A couple of months ago Idahospud favored us with a fascinating analysis of blogging genderlect over at FMH, which reminded me of a long-simmering desire to take a manly stand for womanspeak. (Oh, the androgyny.)
Every once in a while the Bloggernacle revisits the familiar critique of the stereotypical LDS woman’s inability to make a definitive statement. (The Sugar Beet did the definitive satire which, sadly, I can’t seem to find.) Periodically this alleged inability is bemoaned hereabouts, and there’s certainly something to the criticism. From time to time I have encountered LDS women who seem so uncertain of themselves, so timid, so petrified of offending that they are unable to take a stand or risk disagreement about anything. But I’ve known more LDS women who have no difficulty speaking their minds than I have LDS women who can’t summon the confidence to speak definitively. Passive-aggressiveness and backstabbing, sadly, seem able to coexist quite happily with discursive confidence, and seem also to flourish in a culture in which niceness is the supreme virtue.

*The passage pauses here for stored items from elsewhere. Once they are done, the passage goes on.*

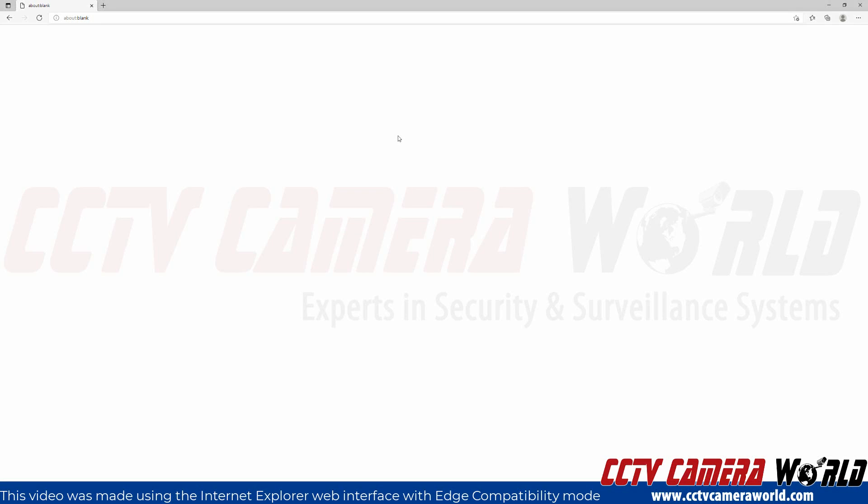In this video I'm going to show you how to use the Internet Explorer web interface to use the dewarping feature from an NVR that supports the dewarping of fisheye cameras.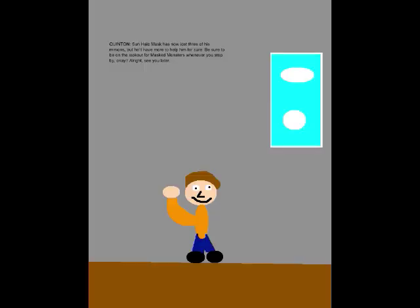So, Black Hair Mask died all because he was out of teeth for his comb! Well, I guess everyone has a weakness, don't they? Sun Halemask has now lost three of his minions, but he'll have more to help him for sure! Be sure to be on the lookout for masked monsters whenever you stop by, okay? Alright, see you later!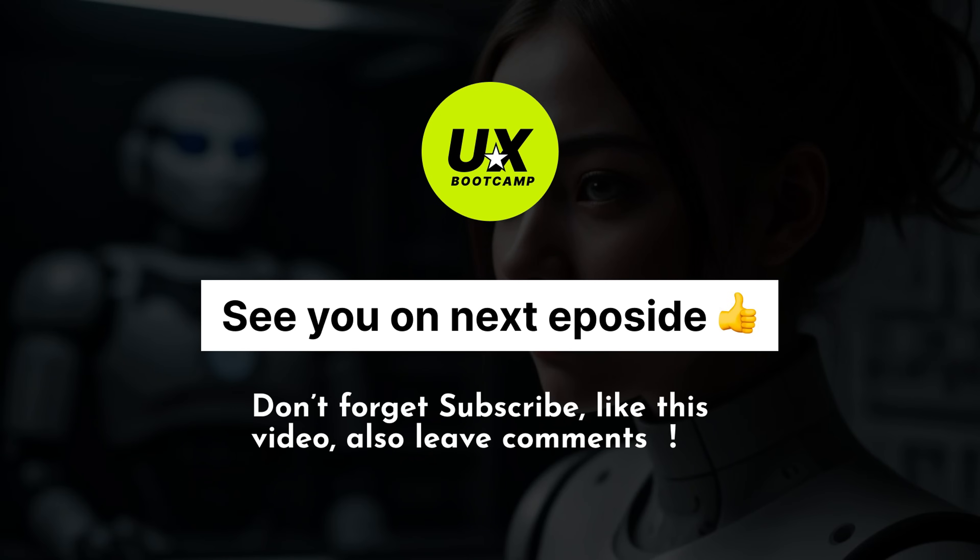Congratulations, you finished this episode. And don't forget to subscribe. And please click the like button. Also leave all your questions inside of our comment zone. I will see you on the next episode. Bye-bye.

But, to the point of this post: I’d like to hear some criticism run in the opposite direction. If we’re going to be critical of stereotypically feminine waffling, let’s be equally critical of stereotypically masculine rigidity. While I think it’s vital for all human beings, women as well as men, to be morally sturdy enough to stand on conviction, to think and act in a certain independence of others’ opinions, it’s equally vital to consider those convictions with the utmost care, and that means–among other things–considering them in the light of others’ judgment. It’s partly for this reason that there’s much to be said in favor of framing one’s statements with the phrase “I think that…” or “I feel that…” or “It’s been my experience that….” These feminine conversation markers, sometimes denigrated as self-abasing, self-hobbling, indications of uncertainty or insecurity, needn’t necessarily be read in this way. They’re also acknowledgments that a conversation is taking place, as well as invitations for that conversation to continue. By framing one’s assertions with “I think” or “In my experience,” we correctly acknowledge our own limitations and allow for the possibility of other voices and other perspectives. “I think” implies “What do you think?”; “In my experience” implies “What’s your experience?” These feminine conversation markers make space for conversation by acknowledging the reality of others’ lives and experiences, the possibility, the validity, the necessity of multiple narratives, of multiple points of view.

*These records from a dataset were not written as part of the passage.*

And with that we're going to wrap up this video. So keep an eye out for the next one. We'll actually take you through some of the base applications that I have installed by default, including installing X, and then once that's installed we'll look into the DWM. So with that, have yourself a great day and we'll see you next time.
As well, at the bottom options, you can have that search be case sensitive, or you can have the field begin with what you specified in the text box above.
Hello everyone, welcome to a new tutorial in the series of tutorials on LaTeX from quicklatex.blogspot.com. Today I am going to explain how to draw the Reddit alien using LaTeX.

When people make heavy-handed statements of the form “This is how X is. There is no room for disagreement” there’s no place for the conversation to go. It either shuts down or flares into violent disagreement, as someone feels that her entire view of the world has just been precluded. Then it escalates. “NO, THIS is how X is.” “Only a fool would claim that X is other than….” “The only possible reason you could believe X is that…” or “I have seen you claim X elsewhere and therefore know that you cannot be trusted in your assertions about Y” and we’re off the races, questioning one another’s motives, namecalling, bound and determined that no one think some other way about X in our presence.
Hooray for feminine language, I say.
At least, that’s what I think. What do you think?